The sheer volume of incidents—still more soldiers were suspended in October 2021 for far-right involvement—is striking for a country U.S. commentators often paint as an example of successfully reckoning with white supremacy. Following the racial justice uprisings of summer 2020 and the Jan. 6, 2021, insurrection at the U.S. Capitol, numerous observers turned to Germany and its Nazi past as a blueprint for how to heal and move forward. Yet the current crisis in the security services casts serious doubt on this narrative, raising questions about how white supremacy persists in security institutions rather than how it is overcome.

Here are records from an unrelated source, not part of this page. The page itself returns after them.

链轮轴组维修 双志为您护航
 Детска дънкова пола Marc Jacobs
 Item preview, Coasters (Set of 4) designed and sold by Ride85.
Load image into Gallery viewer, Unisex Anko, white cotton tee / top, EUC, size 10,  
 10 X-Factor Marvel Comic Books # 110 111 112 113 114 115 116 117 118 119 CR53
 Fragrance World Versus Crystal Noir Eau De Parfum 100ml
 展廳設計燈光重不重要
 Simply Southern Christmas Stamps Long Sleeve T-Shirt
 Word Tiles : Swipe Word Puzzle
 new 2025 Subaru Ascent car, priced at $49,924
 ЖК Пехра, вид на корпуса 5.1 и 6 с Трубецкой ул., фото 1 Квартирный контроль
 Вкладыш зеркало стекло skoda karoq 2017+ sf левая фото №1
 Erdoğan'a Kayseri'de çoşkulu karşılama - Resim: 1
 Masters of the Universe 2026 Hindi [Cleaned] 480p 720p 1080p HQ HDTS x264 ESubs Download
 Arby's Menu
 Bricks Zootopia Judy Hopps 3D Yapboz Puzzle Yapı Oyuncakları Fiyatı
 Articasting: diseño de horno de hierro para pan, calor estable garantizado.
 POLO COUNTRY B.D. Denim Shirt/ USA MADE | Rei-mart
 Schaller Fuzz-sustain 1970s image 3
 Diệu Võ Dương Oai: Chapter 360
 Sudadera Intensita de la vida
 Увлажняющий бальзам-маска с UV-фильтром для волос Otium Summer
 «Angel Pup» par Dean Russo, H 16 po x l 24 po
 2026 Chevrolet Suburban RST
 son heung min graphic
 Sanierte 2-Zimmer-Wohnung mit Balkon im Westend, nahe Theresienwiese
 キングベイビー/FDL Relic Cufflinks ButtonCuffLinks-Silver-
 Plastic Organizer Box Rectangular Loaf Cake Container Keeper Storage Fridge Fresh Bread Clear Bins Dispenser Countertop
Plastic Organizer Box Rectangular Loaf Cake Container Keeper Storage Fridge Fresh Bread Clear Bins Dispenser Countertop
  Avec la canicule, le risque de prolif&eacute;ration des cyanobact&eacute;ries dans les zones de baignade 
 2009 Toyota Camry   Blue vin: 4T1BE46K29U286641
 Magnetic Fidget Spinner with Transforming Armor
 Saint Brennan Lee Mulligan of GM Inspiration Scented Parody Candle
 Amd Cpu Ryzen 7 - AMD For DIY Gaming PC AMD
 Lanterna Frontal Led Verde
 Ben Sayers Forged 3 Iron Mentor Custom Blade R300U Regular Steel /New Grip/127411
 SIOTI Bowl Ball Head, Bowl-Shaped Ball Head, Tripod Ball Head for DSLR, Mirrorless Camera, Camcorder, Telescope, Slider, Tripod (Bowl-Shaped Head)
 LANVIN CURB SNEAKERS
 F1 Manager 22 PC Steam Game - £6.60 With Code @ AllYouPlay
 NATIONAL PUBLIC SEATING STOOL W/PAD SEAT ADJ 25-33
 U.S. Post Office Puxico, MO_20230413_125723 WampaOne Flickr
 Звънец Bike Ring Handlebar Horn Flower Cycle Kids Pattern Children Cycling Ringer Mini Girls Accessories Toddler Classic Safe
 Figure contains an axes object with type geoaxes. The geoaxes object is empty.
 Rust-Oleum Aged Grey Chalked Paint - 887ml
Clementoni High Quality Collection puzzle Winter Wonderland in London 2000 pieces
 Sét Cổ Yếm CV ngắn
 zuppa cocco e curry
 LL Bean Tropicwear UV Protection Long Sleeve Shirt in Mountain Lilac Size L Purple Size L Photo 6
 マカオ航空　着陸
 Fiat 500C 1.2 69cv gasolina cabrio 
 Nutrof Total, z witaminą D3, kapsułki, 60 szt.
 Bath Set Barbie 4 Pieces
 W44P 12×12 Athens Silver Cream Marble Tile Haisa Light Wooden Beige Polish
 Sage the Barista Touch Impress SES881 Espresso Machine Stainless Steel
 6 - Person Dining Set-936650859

The German government’s reluctance to name white supremacy as a structural problem has led to a focus on a small number of bona fide Nazis while ignoring far more common institutions and practices that also contribute to harm, aggression and violence against Jewish people and people of color. In other words, this reluctance both exceptionalizes white supremacy’s most extreme manifestations and minimizes more routine white supremacist practices that enable extremism. Moreover, the tendency to turn to Germany as a model for dealing with white supremacy misunderstands German history and betrays U.S. observers’ own reluctance to consider the structural nature of white supremacy—in security institutions and in the state more broadly.

 

White Supremacy in a Permissive Environment

 

In contrast to dominant narratives told throughout the West, Germany’s passivity toward white supremacist violence continued long after the fall of the Third Reich. Following reunification in 1990, immigrant communities faced a rash of racist attacks as German nationalism reared its head. Somewhere between 2,285 and 4,587 acts of “xenophobic” or “right-extremist violence” occurred in 1992 alone, with both popular and institutional support. In Rostock, hundreds of militant right-wing extremists attacked an apartment complex housing asylum-seekers, with nearly 3,000 bystanders cheering on the attackers. In Kempten, an attack on migrants in 1990 was not investigated by police as a racist crime until 2021, despite a neo-Nazi group claiming the attack days after it happened. The strength of the racist scene during this period, which would later birth the most prolific violent neo-Nazi group of the early 2000s in Germany, and its potential for further violence went largely unrecognized by the security services.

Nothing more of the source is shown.